Tout le monde partait du principe que si l'entente de Paris était remplie, y compris la réforme politique mentionnée, le prochain sommet se déroulerait à Berlin en avril, c'est-à-dire ces jours-ci. Mais il ne peut être question d'un sommet car tout ce qui a été convenu à Paris est bloqué dans le travail du Groupe de contact et dans l'activité du Parlement et du gouvernement de l'Ukraine à cause de la position adoptée par les autorités de Kiev. Les tentatives du chef du bureau du Président ukrainien Andreï Ermak, dans ses contacts avec le vice-directeur de l'Administration du Président russe Dmitri Kozak, visaient à faire avancer du point mort les principaux accords politiques et à rassurer les gens des deux côtés de la ligne de contact. Toutes ces tentatives sont torpillées, on entend des accusations de haute trahison parce qu'Andreï Ermak a osé ouvrir le débat sur la mise en œuvre concrète des Accords de Minsk signés à l'époque par le Président ukrainien Piotr Porochenko et approuvés par le Conseil de sécurité des Nations unies. C'est une situation regrettable.
A présent, les collègues allemands et français veulent évoquer uniquement les questions liées à la sécurité, au déminage, aux bombardements, à l'accès de la MSO aux territoires non contrôlés par Kiev, mais refusent absolument d'aborder les réformes politiques là où "gît le lièvre", pour le dire simplement.

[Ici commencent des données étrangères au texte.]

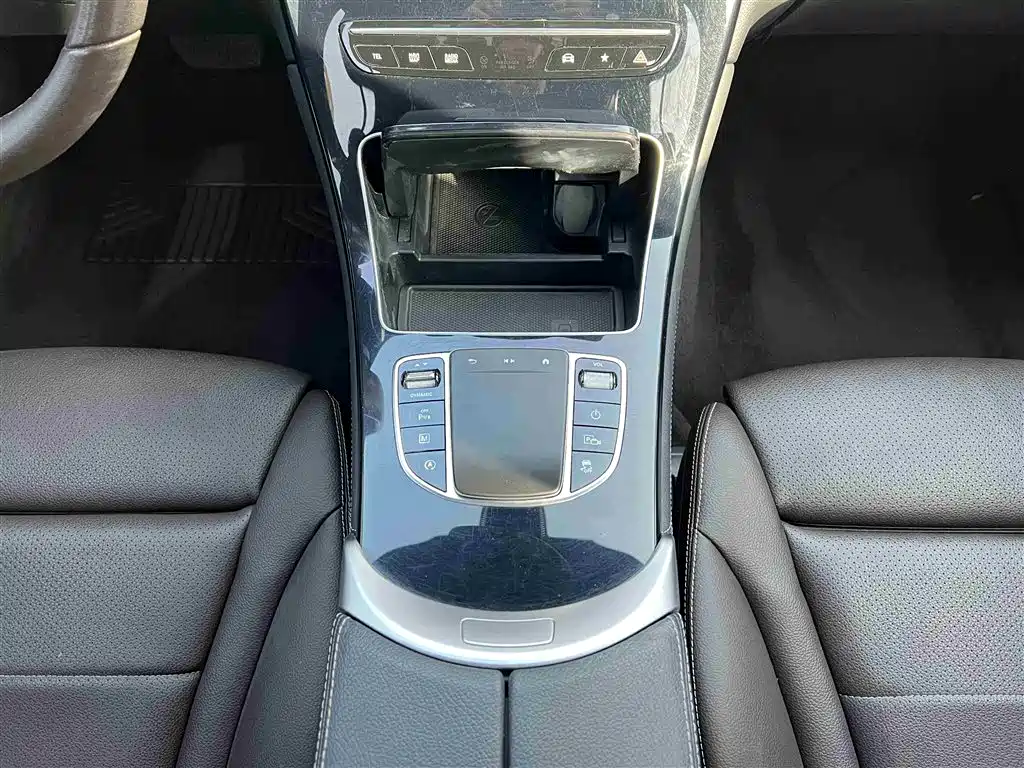 Mercedes-Benz GLC 2020 Facelift GLC 260 L 4MATIC Dynamic фото 20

En ce qui concerne la sécurité, le moyen le plus simple de garantir le cessez-le-feu a été rejeté par le Président ukrainien Vladimir Zelenski pendant ce sommet précis de Paris en décembre 2019. Un accord a été mis au point pour la réunion de Paris (sur le papier, reflétant les questions politiques et de sécurité). L'entente principale était l'accord des chefs d’État du Format de Normandie pour entamer, dans le cadre du Groupe de contact, un travail concret pour séparer les forces et les moyens tout le long de la ligne de contact. En l'absence de contact, il n'y aura pas de violations du cessez-le-feu. Vladimir Zelenski a absolument refusé de signer la séparation des forces et des moyens tout le long de la ligne de contact. Il a dit qu'il fallait choisir trois zones où la séparation pouvait être évoquée. Ils en parlent encore à ce jour: depuis le 9 décembre 2019 jusqu'à fin avril ils n'ont pas réussi à se mettre d'accord sur aucune, et encore moins trois zones ou plus où les forces et les moyens pourraient être séparés. En cause: les différents caprices de nos collègues ukrainiens.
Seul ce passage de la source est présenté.